EXERCISE REQUIREMENTS ▸ Begin with the first line below and retype each line exactly through the line containing "Photo 2 VIN: 1FTPW14V78FB27409". Any pictures are to be left out.

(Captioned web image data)
#####

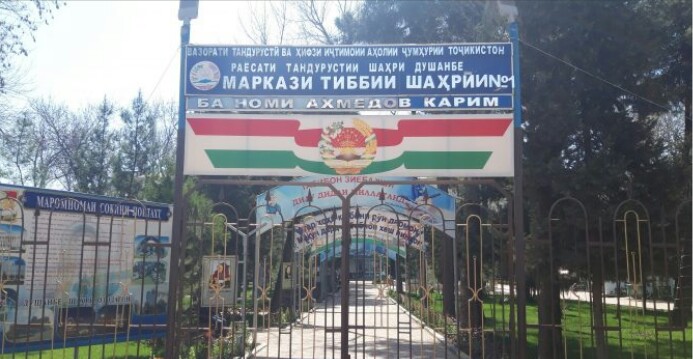 IMG_20200324_115318_749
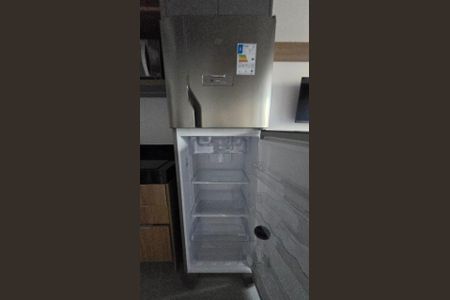 Kitnet/Studio à venda com 1 quarto, 24m² em Cerqueira César, São Paulo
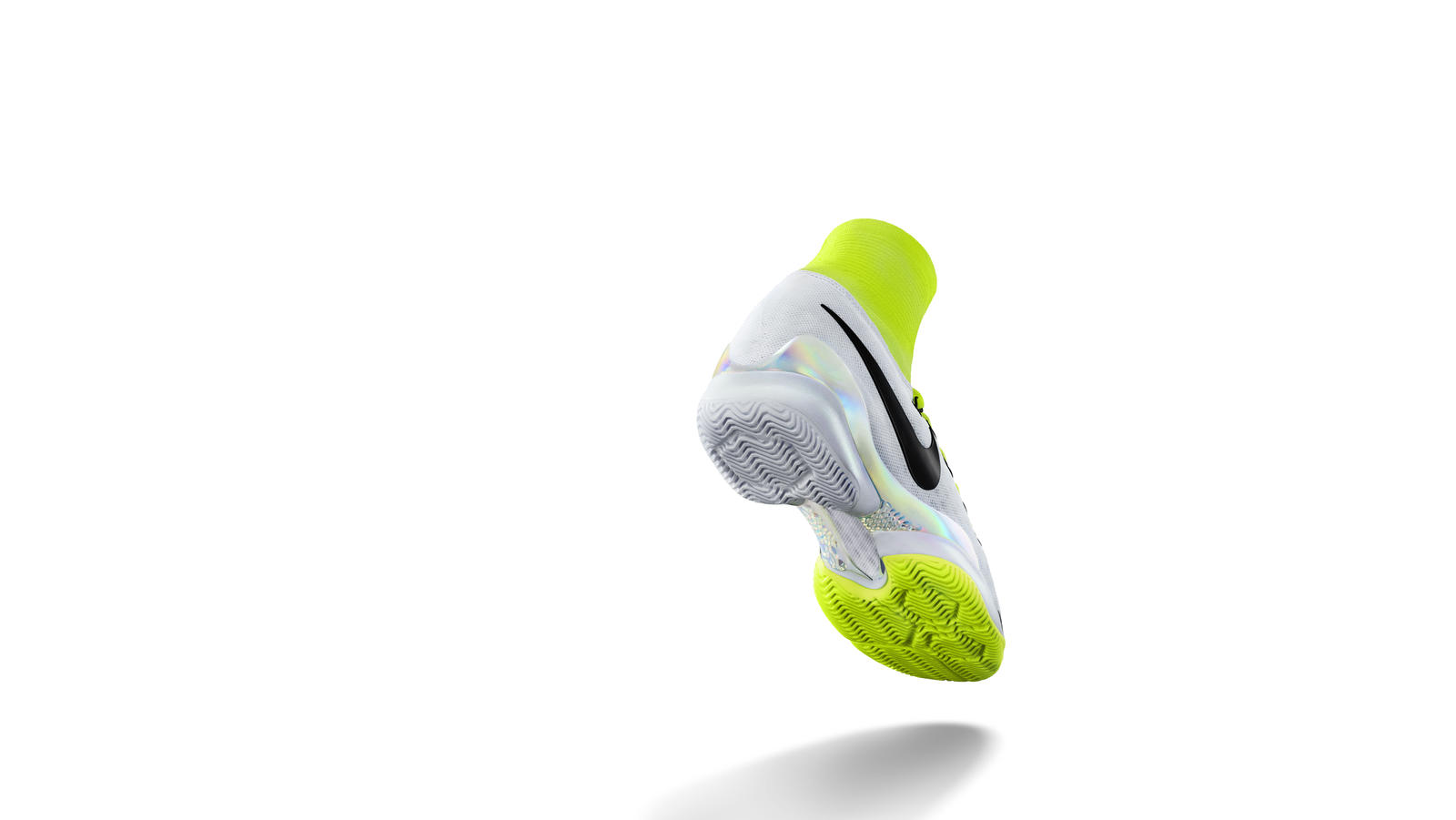 nike court air zoom ultrafly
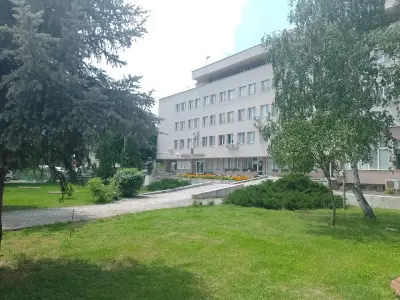 ОБЩИНА БРЕЗОВО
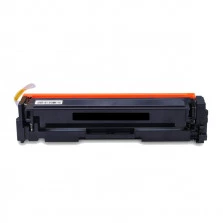 Toner Compatível com HP CF500X 202X M254 M281 - Preto 3.2K 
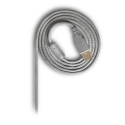 Mars Gaming MMGLOWW hiiri Oikeakätinen USB A-tyyppi Optinen 12800 DPI Mars Gaming MMGLOWW hiiri Oikeakätinen USB A-tyyppi Optinen 12800 DPI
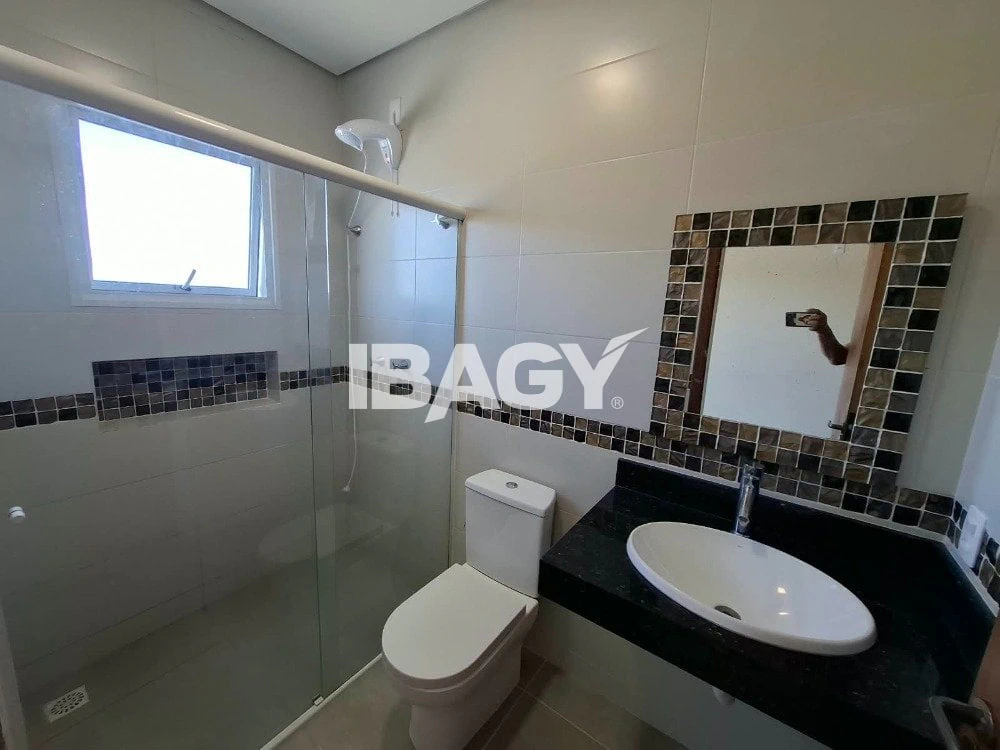 Private BBQ in a 3-bedroom house, 136 m² — photo 6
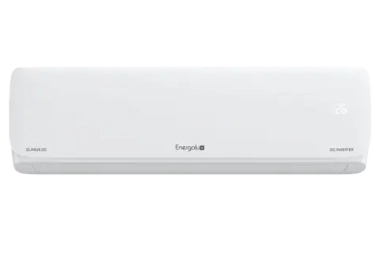 Инверторная сплит-система Energolux Glarus DC ESAS09GL1_HDC/ESAU09GL1_HDC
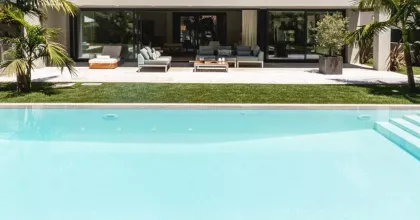 Casa em Cascais e Estoril, Lisboa - 25.000 euros/mês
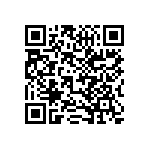 357LB3I044M7360 QRCode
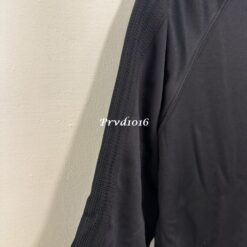 實拍免運 Needles 黑魂 蝴蝶 刺繡 Logo 日系復古夾克 經典織帶 運動外套 男女同款 穿搭必備 另有 套裝長褲：圖片 9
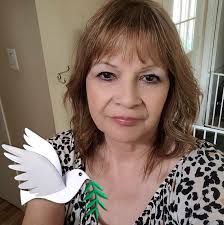 Loss of a beloved pet to cancer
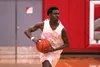 Wasilla senior Jordan Knight helped Wasilla earn a Northern Lights Conference semifinal win over Palmer. JEREMIAH BARTZ/ Frontiersman
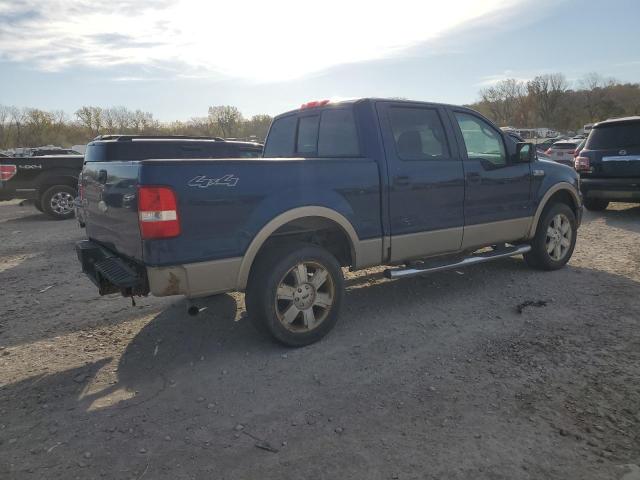 Photo 2 VIN: 1FTPW14V78FB27409 - FORD F150 SUPER 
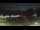 Webcam in Valencia, California, 10.2 mi away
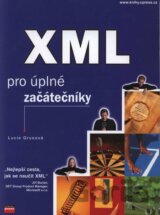 XML pro úplné začátečníky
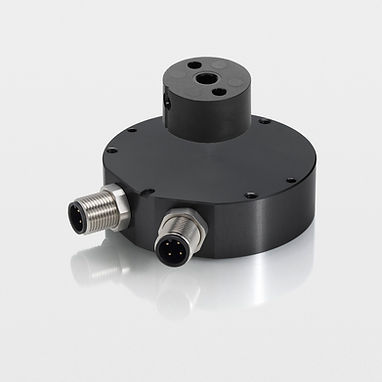 Sensores Angulares Novotechnik modelo RFX-6900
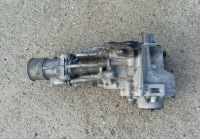 фото thumb №1, Mitsubishi asx lift 2.2 di-d редуктор дифференциал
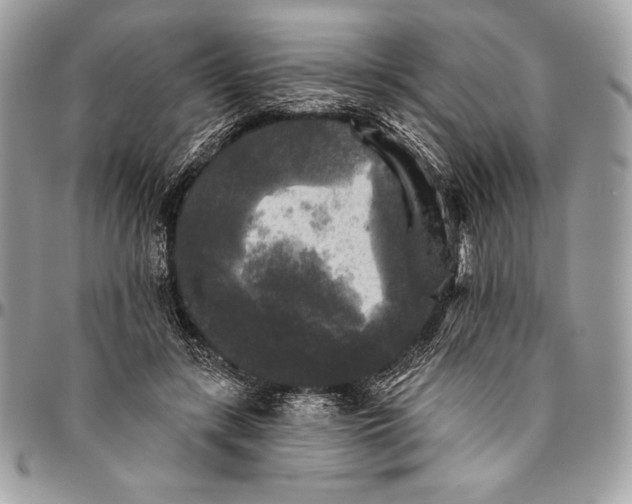 X0000094790547200712071231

#####

SOLUTION TO THIS PROBLEM ▸
 IMG_20200324_115318_749
 Kitnet/Studio à venda com 1 quarto, 24m² em Cerqueira César, São Paulo
 nike court air zoom ultrafly
 ОБЩИНА БРЕЗОВО
 Toner Compatível com HP CF500X 202X M254 M281 - Preto 3.2K 
 Mars Gaming MMGLOWW hiiri Oikeakätinen USB A-tyyppi Optinen 12800 DPI Mars Gaming MMGLOWW hiiri Oikeakätinen USB A-tyyppi Optinen 12800 DPI
 Private BBQ in a 3-bedroom house, 136 m² — photo 6
 Инверторная сплит-система Energolux Glarus DC ESAS09GL1_HDC/ESAU09GL1_HDC
 Casa em Cascais e Estoril, Lisboa - 25.000 euros/mês
 357LB3I044M7360 QRCode
 實拍免運 Needles 黑魂 蝴蝶 刺繡 Logo 日系復古夾克 經典織帶 運動外套 男女同款 穿搭必備 另有 套裝長褲：圖片 9
 Loss of a beloved pet to cancer
 Wasilla senior Jordan Knight helped Wasilla earn a Northern Lights Conference semifinal win over Palmer. JEREMIAH BARTZ/ Frontiersman
 Photo 2 VIN: 1FTPW14V78FB27409 - FORD F150 SUPER 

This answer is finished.